**About this task**
Return only the lines from the one that contains "蓝焰小课堂丨燃气灶哪种颜色的火焰才是正常的？" through the last line of the records below, exactly as they stand. Pictures are not part of the copy.

[Data entries]
*** Begin section ***
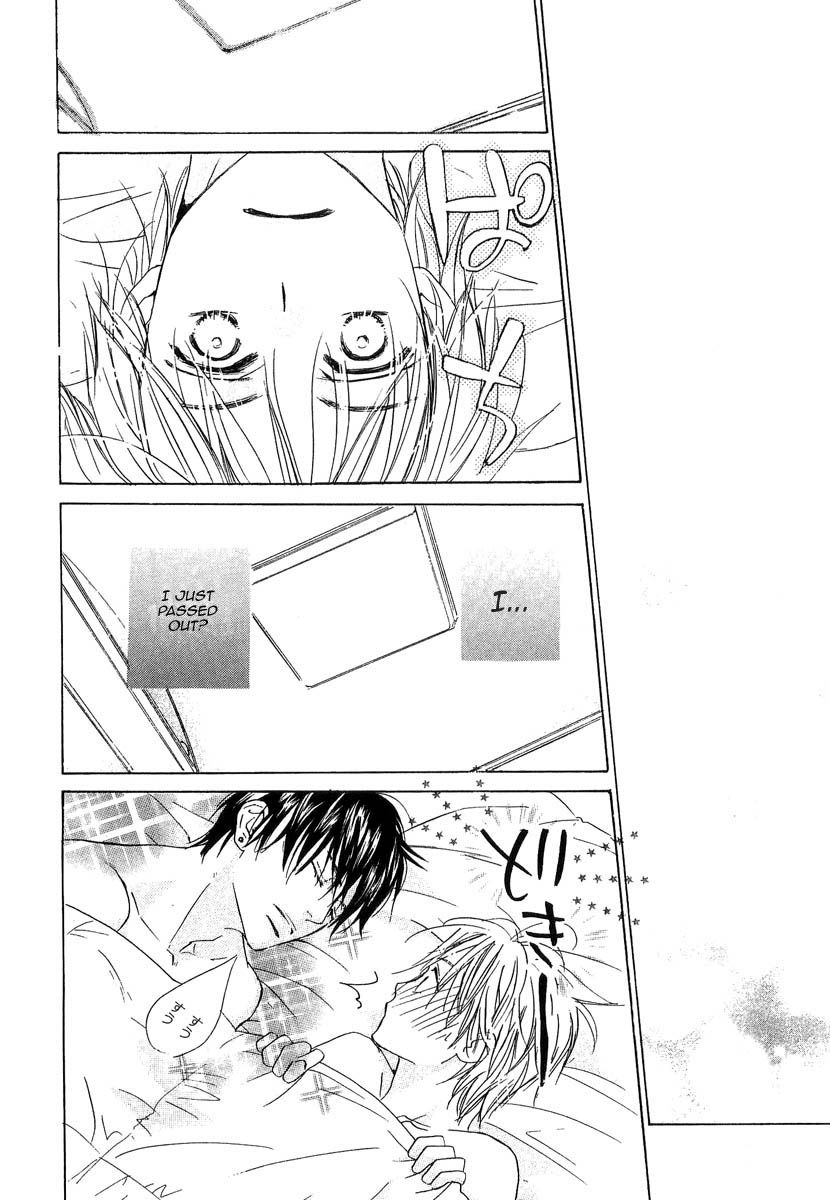 Binan no Dendou Chapter 8 page 39 - Chapter 8 : Binan no Dendou DX ~ Act 8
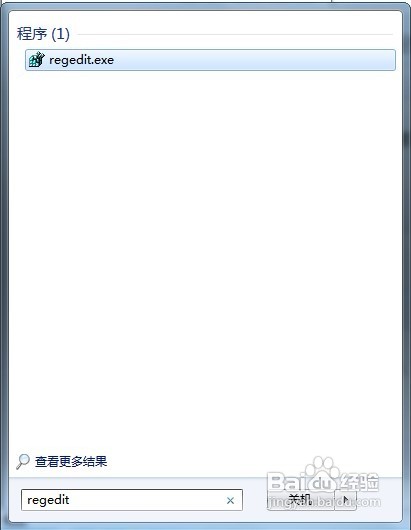 解决Win7无法将程序锁定到任务栏或附到开始菜单的方法
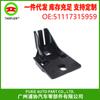 Soporte de parachoques delantero de coche soporte de parachoques delantero para BMW 51117315959 51117315960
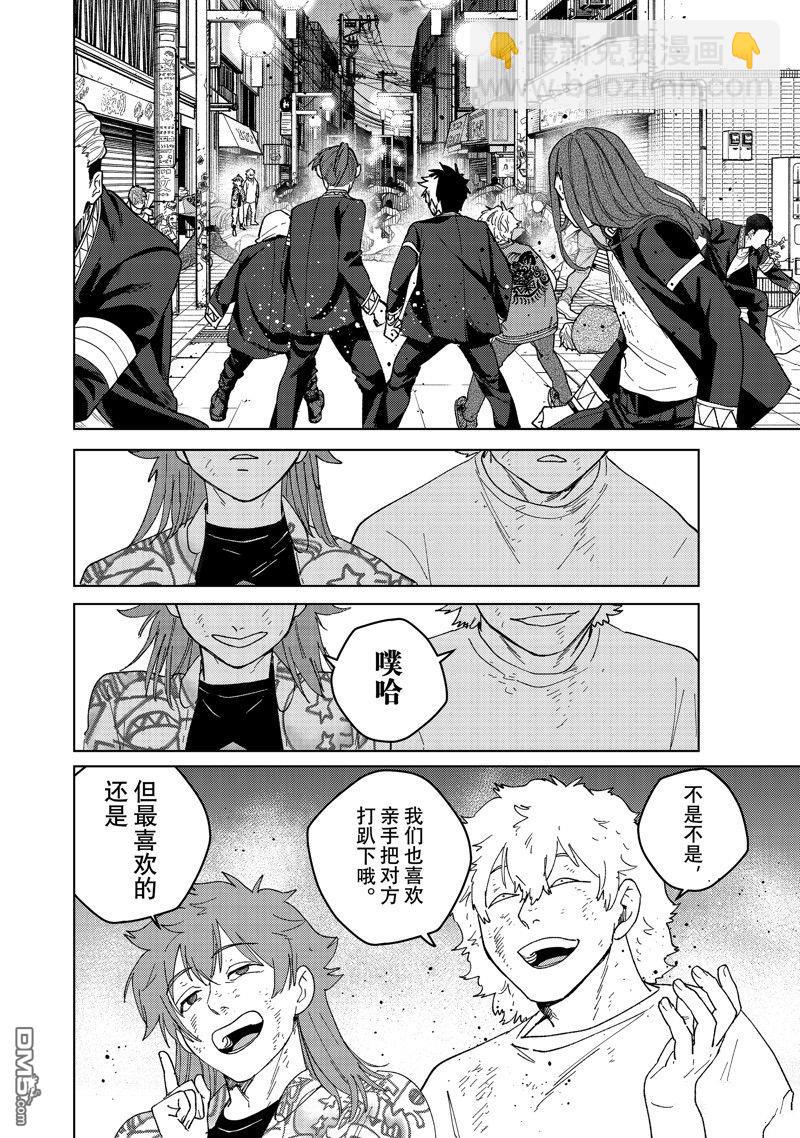 第131话17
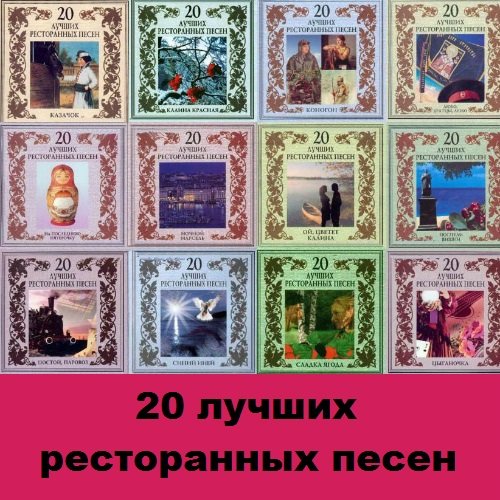 Сборник - 20 лучших ресторанных песен. 12 CD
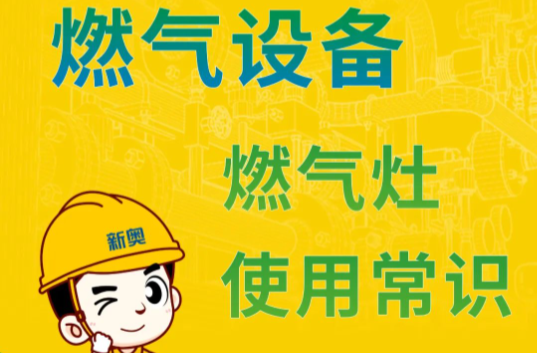 蓝焰小课堂丨燃气灶哪种颜色的火焰才是正常的？
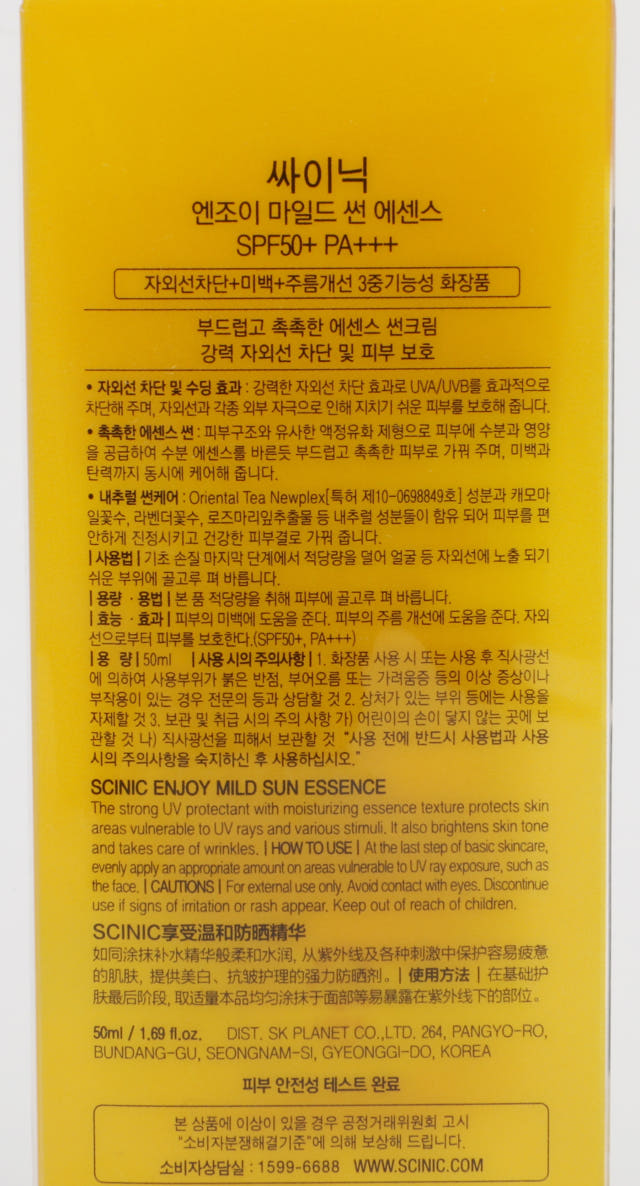 1 + 1 Enjoy Mild Sun Essence 50ml Glow Peek 1st! A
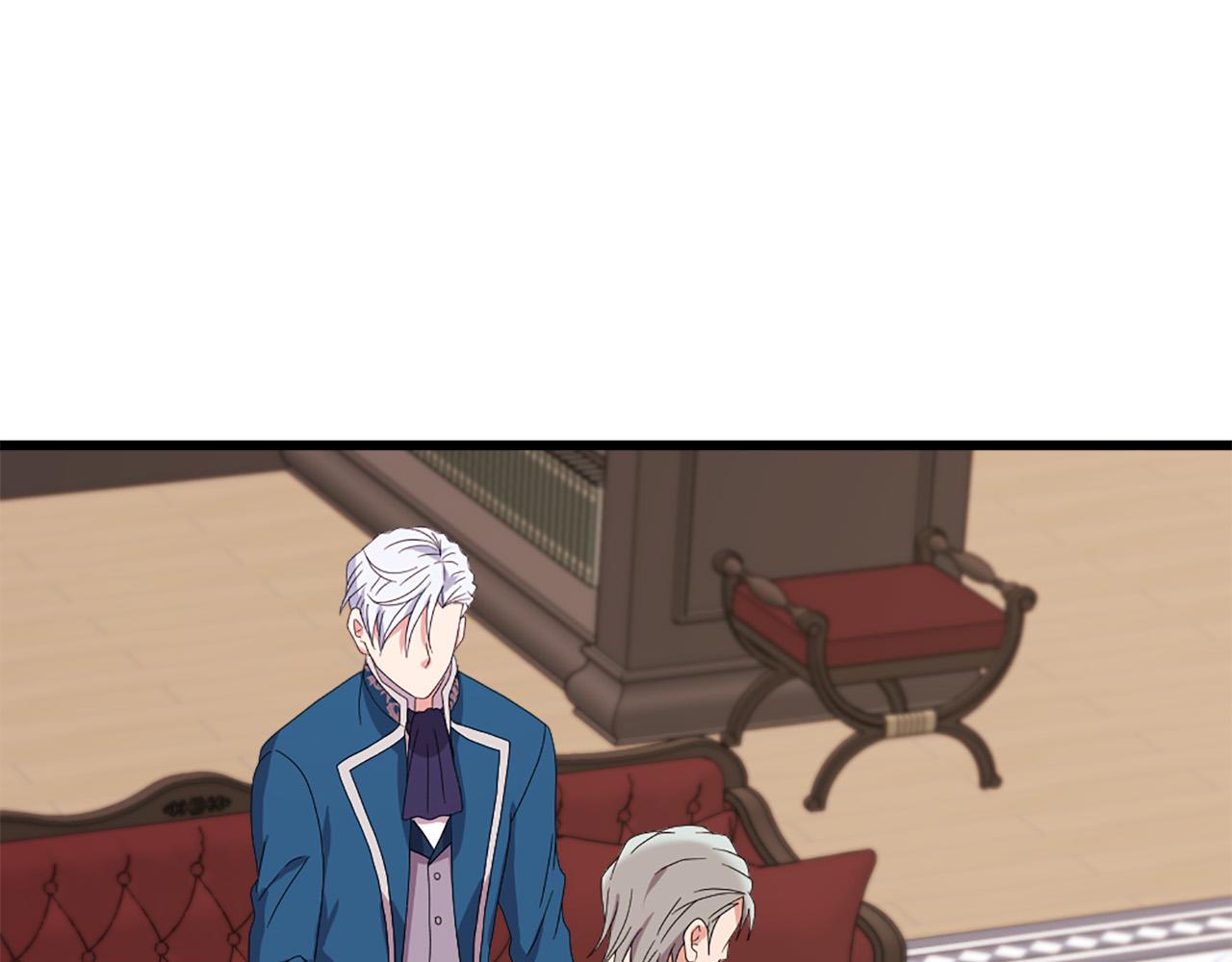 《两唇之间》第106话 必须保护她 第24页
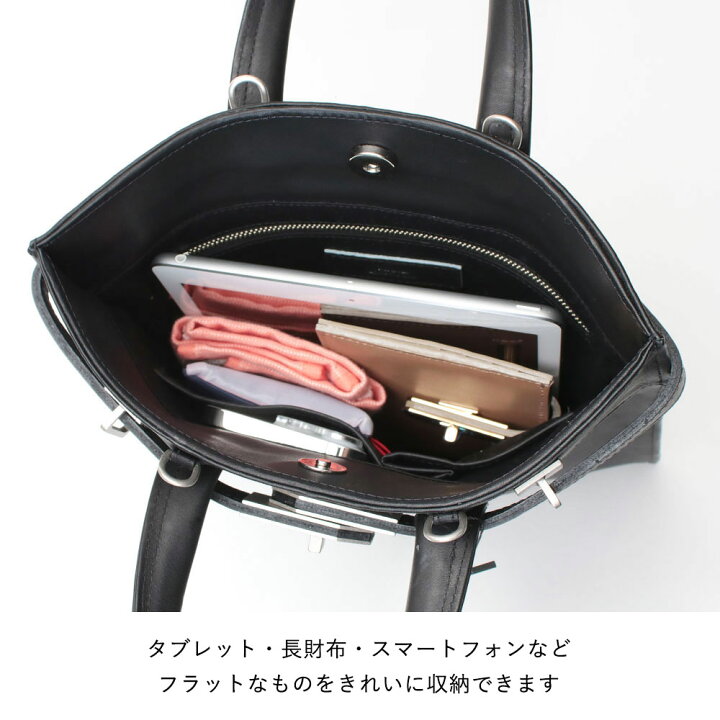 楽天市場】【正規販売店】【即納】 M.U.L. エムユーエル バッグ 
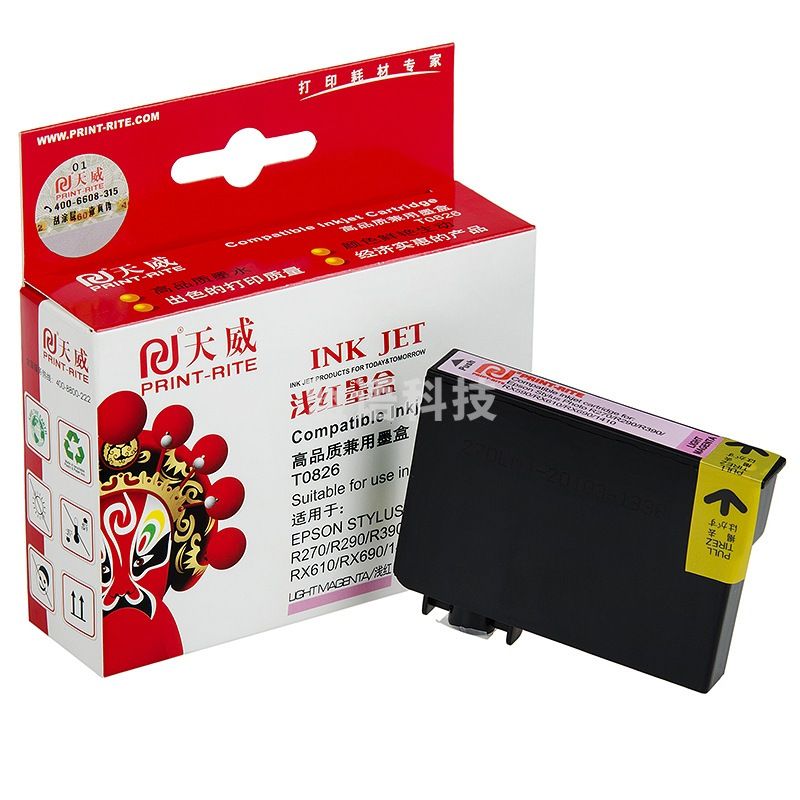 天威（PrintRite）T0826浅红色墨盒（适用爱普生EPSON R270 R390 RX590打印机）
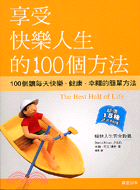 享受快樂人生的100個方法－勁草叢書263 | 拾書所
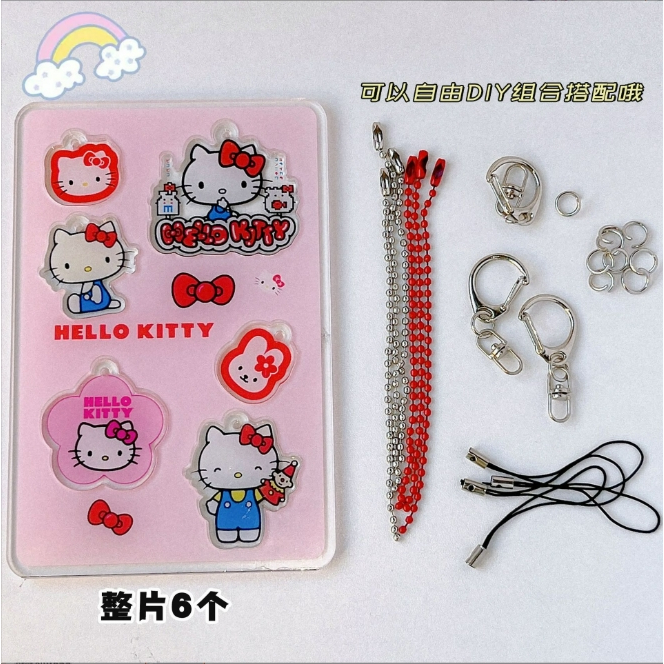 [🇹🇭พร้อมส่งจากร้านไทย] Hello kitty เซ็ต DIYพวงกุญแจคิตตี้ ทำได้ถึง 6 ชิ้นค่ะ งานแผ่นเอคิลิคน่ารัก แข็งแรงค่ะ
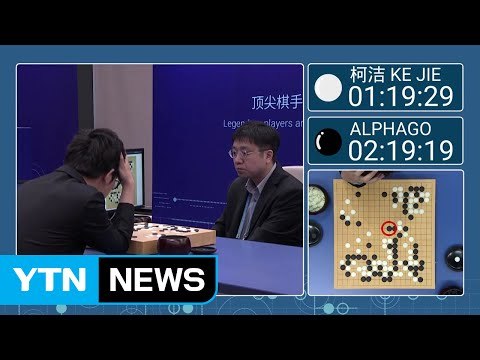 알파고 신의 한 수 '119수'로 인간을 절망시키다 / YTN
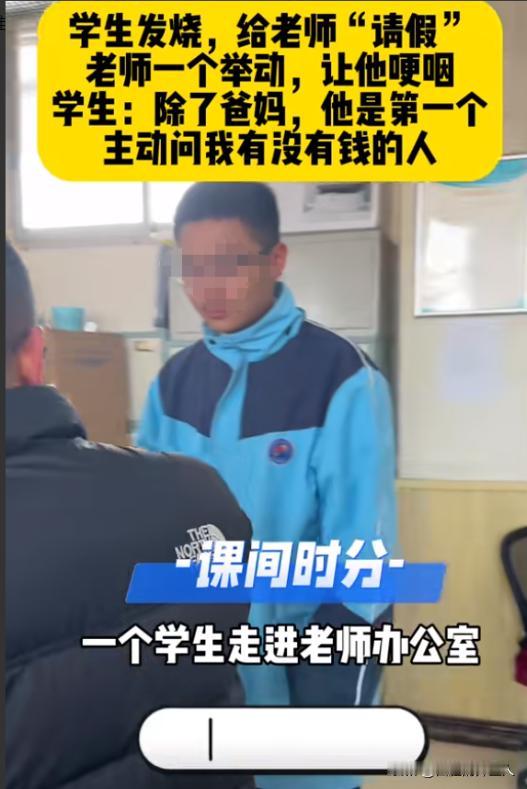 一男孩走进班主任的办公室，对班主任说：“老师，我发烧了，我想出去找个医生看一下。
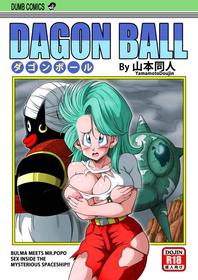 [YamamotoDoujin] Dagon Ball - Bulma meets Mr.Popo - Sex inside the Mysterious Spaceship!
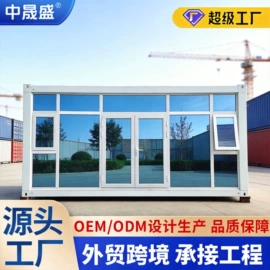 集成房屋;保温隔热材料;钢结构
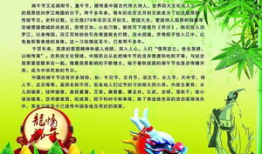 端午节介绍视频,传承千年的民俗风情与粽子盛宴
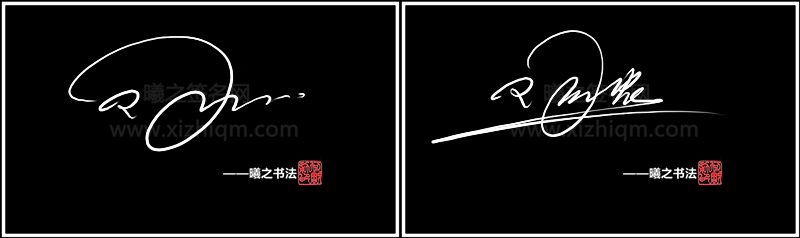 陶- 高端艺术签名设计免费在线制作设计连笔曦之签名网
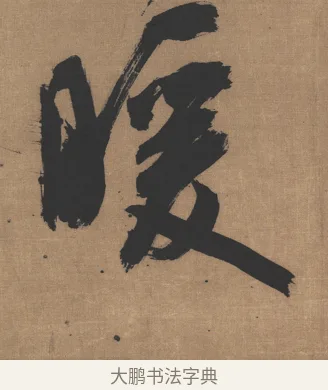 暖 · 吴琚 · 行书（书体参考） · 七言绝句轴 · 第 1 页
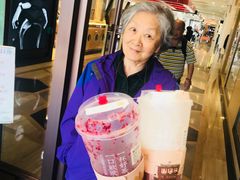 -奈雪的茶(市百一店)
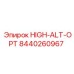 8440260967 HIGH-ALT-OPT Epiroc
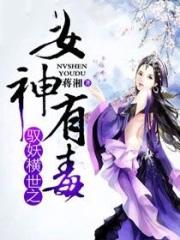 驭妖讲的什么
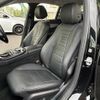 mercedes-benz e-class 2017 -MERCEDES-BENZ--Benz E Class RBA-213042C--WDD2130422A040831---MERCEDES-BENZ--Benz E Class RBA-213042C--WDD2130422A040831- image 12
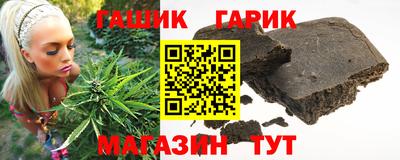 ешки Нальчик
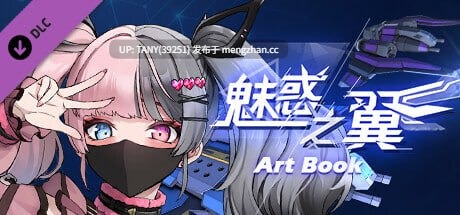 #魅惑之翼:少女的爆衣攻略 #Wings of Seduction : Bust 'em out! #魅惑の翼:少女の脱衣大作戦 v1.2.026 官方中文版 -第2张图片-萌站 #魅惑之翼:少女的爆衣攻略 #Wings of Seduction : Bust 'em out! #魅惑の翼:少女の脱衣大作戦 v1.2.026 官方中文版 -第2张图片-萌站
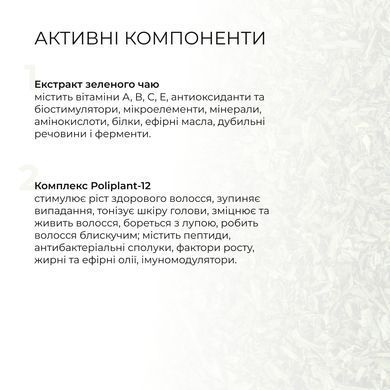 - фото №1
*** End section ***
**Exercise solution**
 蓝焰小课堂丨燃气灶哪种颜色的火焰才是正常的？
 1 + 1 Enjoy Mild Sun Essence 50ml Glow Peek 1st! A
 《两唇之间》第106话 必须保护她 第24页
 楽天市場】【正規販売店】【即納】 M.U.L. エムユーエル バッグ 
 天威（PrintRite）T0826浅红色墨盒（适用爱普生EPSON R270 R390 RX590打印机）
 享受快樂人生的100個方法－勁草叢書263 | 拾書所
 [🇹🇭พร้อมส่งจากร้านไทย] Hello kitty เซ็ต DIYพวงกุญแจคิตตี้ ทำได้ถึง 6 ชิ้นค่ะ งานแผ่นเอคิลิคน่ารัก แข็งแรงค่ะ
 알파고 신의 한 수 '119수'로 인간을 절망시키다 / YTN
 一男孩走进班主任的办公室，对班主任说：“老师，我发烧了，我想出去找个医生看一下。
 [YamamotoDoujin] Dagon Ball - Bulma meets Mr.Popo - Sex inside the Mysterious Spaceship!
 集成房屋;保温隔热材料;钢结构
 端午节介绍视频,传承千年的民俗风情与粽子盛宴
 陶- 高端艺术签名设计免费在线制作设计连笔曦之签名网
 暖 · 吴琚 · 行书（书体参考） · 七言绝句轴 · 第 1 页
 -奈雪的茶(市百一店)
 8440260967 HIGH-ALT-OPT Epiroc
 驭妖讲的什么
 mercedes-benz e-class 2017 -MERCEDES-BENZ--Benz E Class RBA-213042C--WDD2130422A040831---MERCEDES-BENZ--Benz E Class RBA-213042C--WDD2130422A040831- image 12
 ешки Нальчик
 #魅惑之翼:少女的爆衣攻略 #Wings of Seduction : Bust 'em out! #魅惑の翼:少女の脱衣大作戦 v1.2.026 官方中文版 -第2张图片-萌站 #魅惑之翼:少女的爆衣攻略 #Wings of Seduction : Bust 'em out! #魅惑の翼:少女の脱衣大作戦 v1.2.026 官方中文版 -第2张图片-萌站
 - фото №1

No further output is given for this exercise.